Is it possible for this filter to deindex pages? Aload of pages dropped out of the index around the same time I applied this filter.
Its worth to note I only added the filter in Google Analytics, I didn't change anything in the .htaccess file
No, not it's possible for this filter to deindex pages.
Spam referral is one of the most annoying thing. Thank you for writing the solution.
You've got a space in the URL to the original post that covered this... first link in this post...
Thank you Jeff, fixed it
I can't say it enough, ghost spam is the worst. Thank you for creating this article. I have been using a referral exclusion filter, about 12 of them actually.

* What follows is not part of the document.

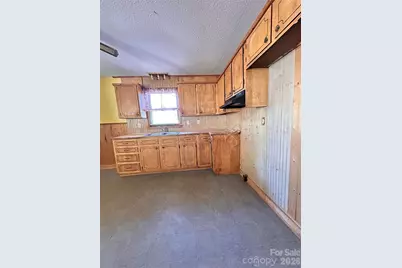 621 E 11th Street, Newton, NC 28658 - Photo 13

Deleted all my other filters thinking 'hooray only need to set up one filter!' then found about 95% of my referral spam uses my own domain as the hostname. Major bummer!
Hi Nick,
There are 2 types of spam Crawler and Ghost, both are mentioned in the post, however, the focus is on ghosts. The valid hostname filter will take care of all ghost spam without the need to add filters every time. This is the most common type of spam for most of the people. It seems that your case is different.

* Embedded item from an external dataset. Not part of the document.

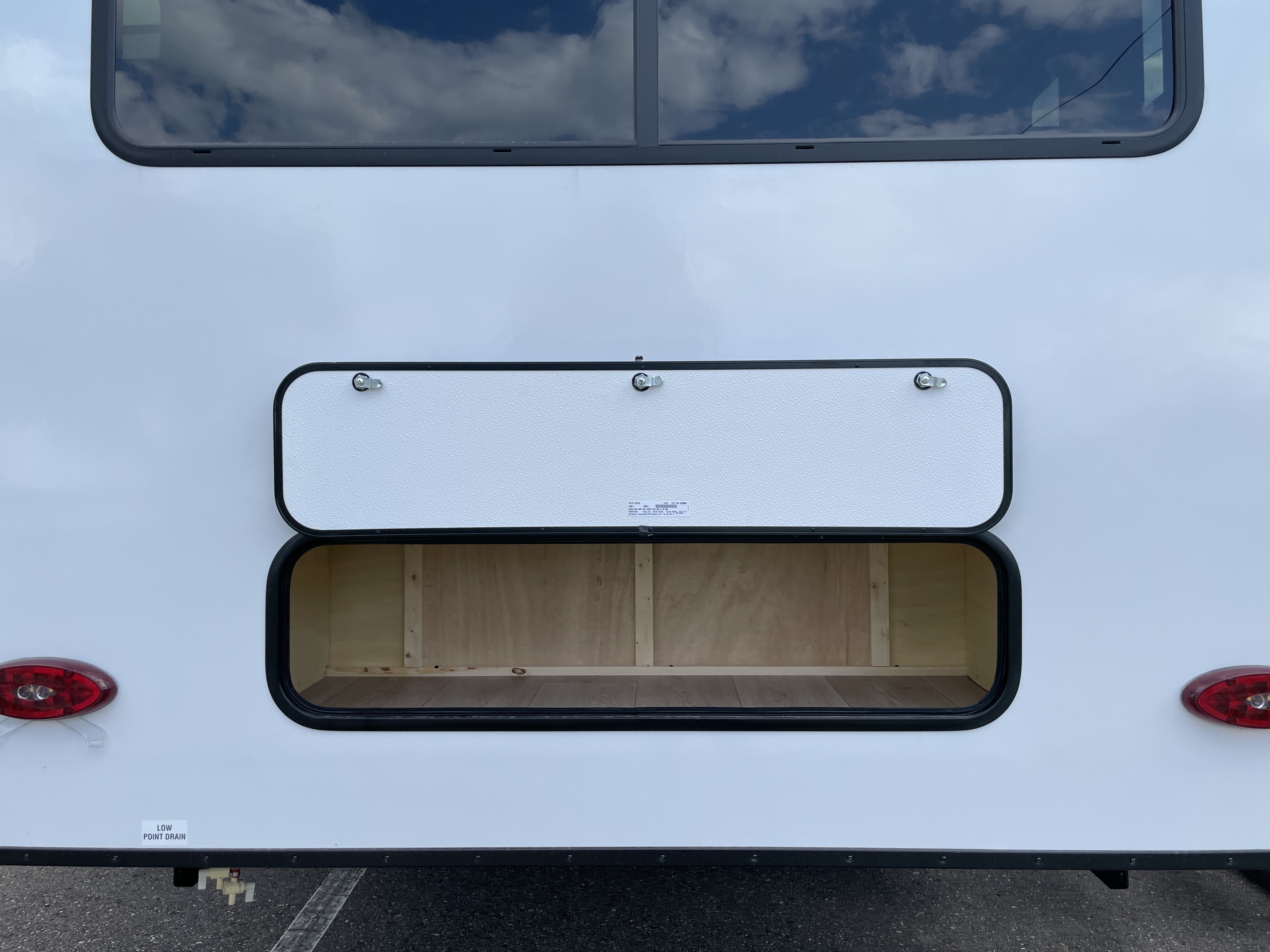 2027 Jayco Jay Feather SL 25RLSL, $ 31,999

I mention also the crawler spam at the end of the post, but I don't go to much into deep, if you want to know more details about it and how to stop it you can check the article I mention at the end of the post on the Bonus resources part, it is a comprehensive guide that will walk you through everything relate to this issue.
Thank you for commenting.
Seems like i am still seeing a problem. Not sure how to descibe it.
this is what i am seeing
floating-share-buttons.com / referral/ google / organic (direct) / (none) yahoo / organic bing / organic bing.com / referral webcrawler.com / referral get-free-social-traffic.com / referral yellowpages.com / referral site2.free-floating-buttons.com / referral
This is what i am seeing and i did everything that you describe in your article. Does not seem to be working correctly to me. Do you have any ideas for me?
Thanks
Steve, are you seeing new hits after you applied the filters or you mean on the historical data. Filters will work only onward. For historical data, you should use segments. You can find a link at the end of the article with more information about how to use segments for spam.
Thanks for sharing,I was using mybkdrive.com Its helped me a lot for gaining lots of lost visitors by actual tracking.
It seems I was too impatient. Now it works perfect. Thank you
Sorry something went wrong. This reply belongs to my own post.